Für ihr Iran-Geschäft sind die Unternehmen auf Banken angewiesen, die den grenzüberschreitenden Zahlungsverkehr mit dem Land abwickeln. Daher bietet die Finanzwirtschaft der US-Administration eine besonders wirksame Angriffsfläche für Sanktionen. Faktische Grundlage ist die Dominanz des Dollars als internationales Zahlungsmittel. Geldtransfers in Dollar laufen letztlich immer über eine Bank auf amerikanischem Boden. Schon in der ersten Phase strenger Iran-Sanktionen von 2007 bis 2014 gerieten so mehrere europäische Banken ins Visier der Amerikaner. Die US-Behörden verhängten hohe Strafen gegen die Commerzbank (1,5 Mrd. Dollar), die französische BNP Paribas (8,9 Mrd. Dollar) und die niederländische ING DiBa (600 Mio. Dollar). Die HypoVereinsbank wartet noch auf ihr Strafmaß. Panorama berichtete, wie die US-Behörden zudem die Commerzbank zwangen, sich von bestimmten Mitarbeitern in Deutschland zu trennen.
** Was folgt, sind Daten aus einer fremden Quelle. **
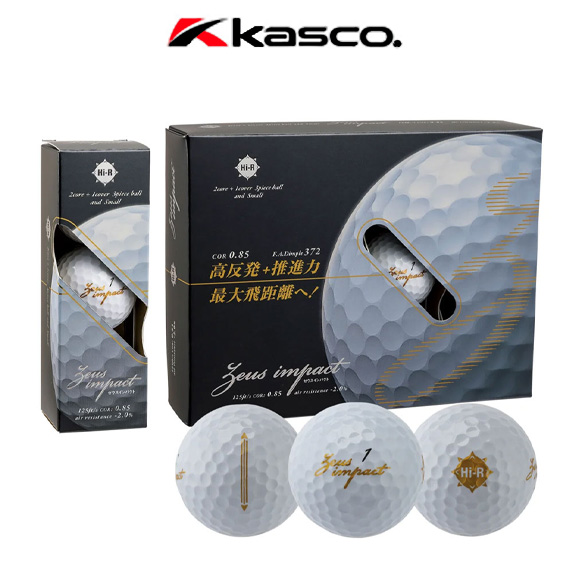 ลูกกอล์ฟ Kasco Zeus Impact 3
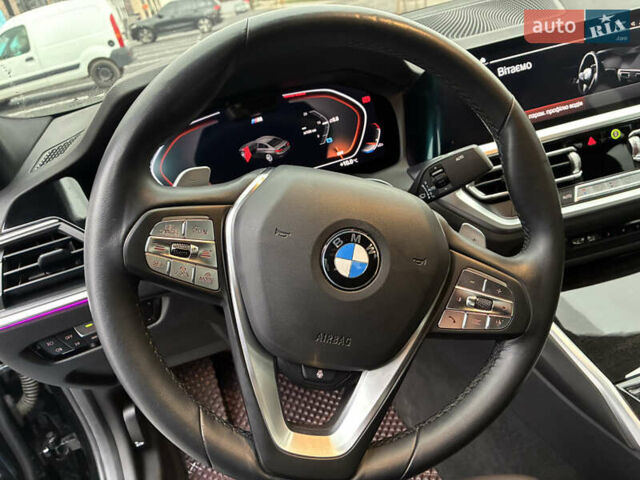 Чорний БМВ 3 Серія, об'ємом двигуна 2 л та пробігом 28 тис. км за 39500 $, фото 24 на Automoto.ua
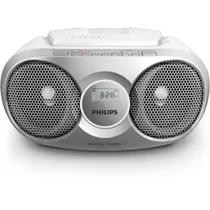 Philips AZ215S/12 CD-Radio silber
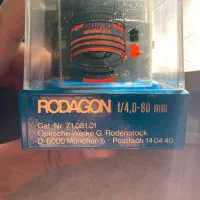 لنز آلمانی آگراندیسمان رودن اشتورک|دوربین عکاسی و فیلم‌برداری|اراک, |دیوار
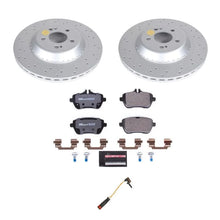 Load image into Gallery viewer, PowerStop Rear Euro-Stop Brake Kit fits 2018-2020 Mercedes-Benz S450 / 2014-2017 Mercedes-Benz S550 / 2015-2017 Mercedes-B...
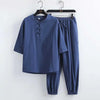Solven Lounge Set Navy Blue / XS
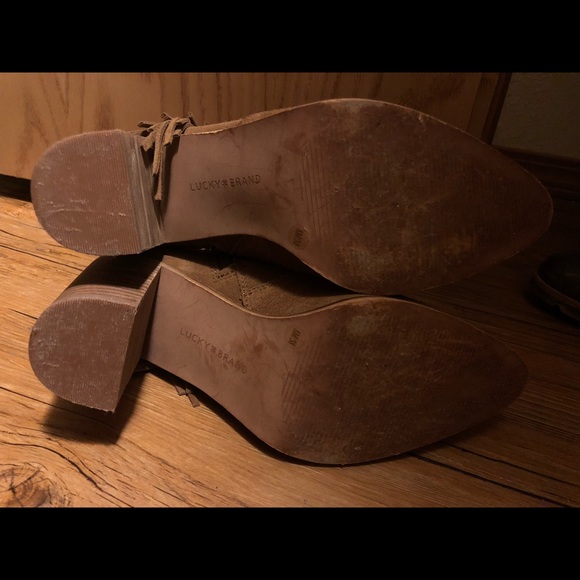 Lucky brand booties - Picture 7 of 7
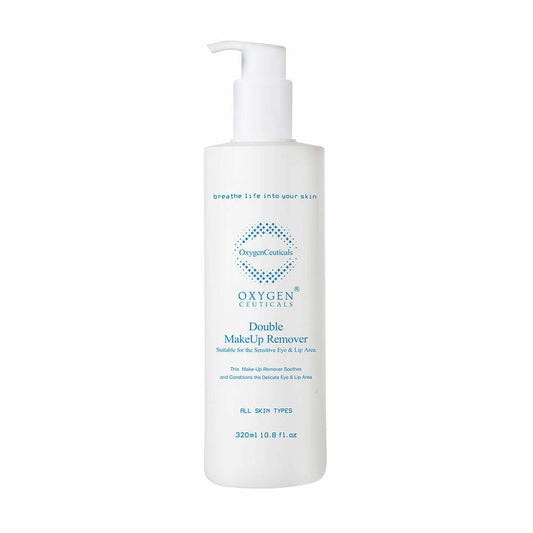 Oxygen Ceuticals Double MakeUp Remover 320ml#ibea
Die Spitzenverband Deutsche Kreditwirtschaft (DK) fürchtet nun die Neuauflage dieses Szenarios. In einer Stellungnahme vom 16. Mai erinnert die DK die Bundesregierung daran, dass sie die Rückkehr der Banken ins Iran-Geschäft nach dem Atomabkommen 2015 ausdrücklich begrüßt habe. Nun fordert der Spitzenverband von der Politik, "dass Wirtschaft und Banken vor möglichen US-Sanktionen geschützt werden." Das Beispiel der DZ Bank zeigt, dass das Vertrauen auf diesen Schutz nicht besonders groß zu sein scheint.